PROVIDED MATERIAL:
....
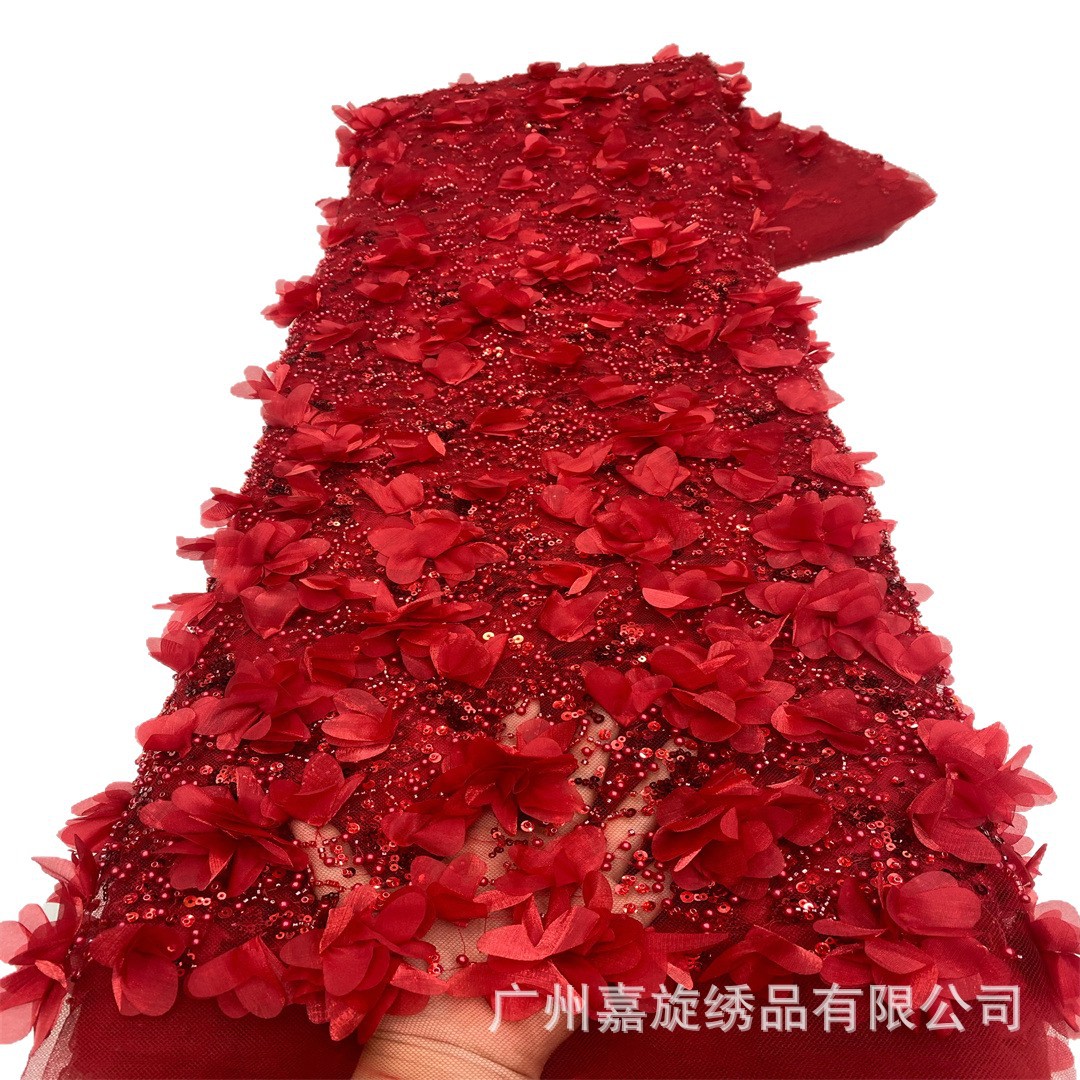 Europa y los Estados Unidos 3D Chiffon flor tridimensional vestido de boda fiesta vestido de noche accesorios de alta fijación esquinilla perlas bordadas tela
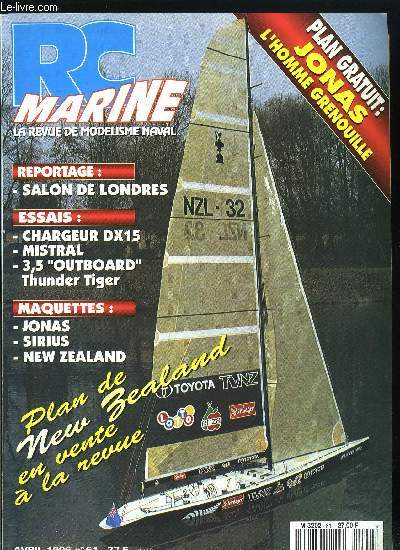 RC MARINE N 61 + PLAN - Salon de Londres, Aqua Vap, New York, Catamaran de l'extrme, Jonas, New Zealand, Le sirius, Thunder Tiger 3,5 cm3 Outboard, Chargeur DX 15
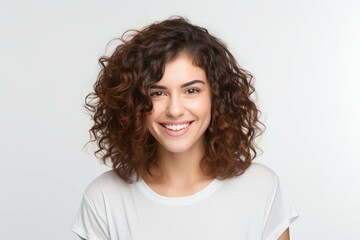 Portrait of beautiful young happy smiling woman, over gray background.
....
Write the lines from the line containing "RC MARINE N" through the last line of the data out again exactly, and only those lines; pictures stay out.

 RC MARINE N 61 + PLAN - Salon de Londres, Aqua Vap, New York, Catamaran de l'extrme, Jonas, New Zealand, Le sirius, Thunder Tiger 3,5 cm3 Outboard, Chargeur DX 15
 Portrait of beautiful young happy smiling woman, over gray background.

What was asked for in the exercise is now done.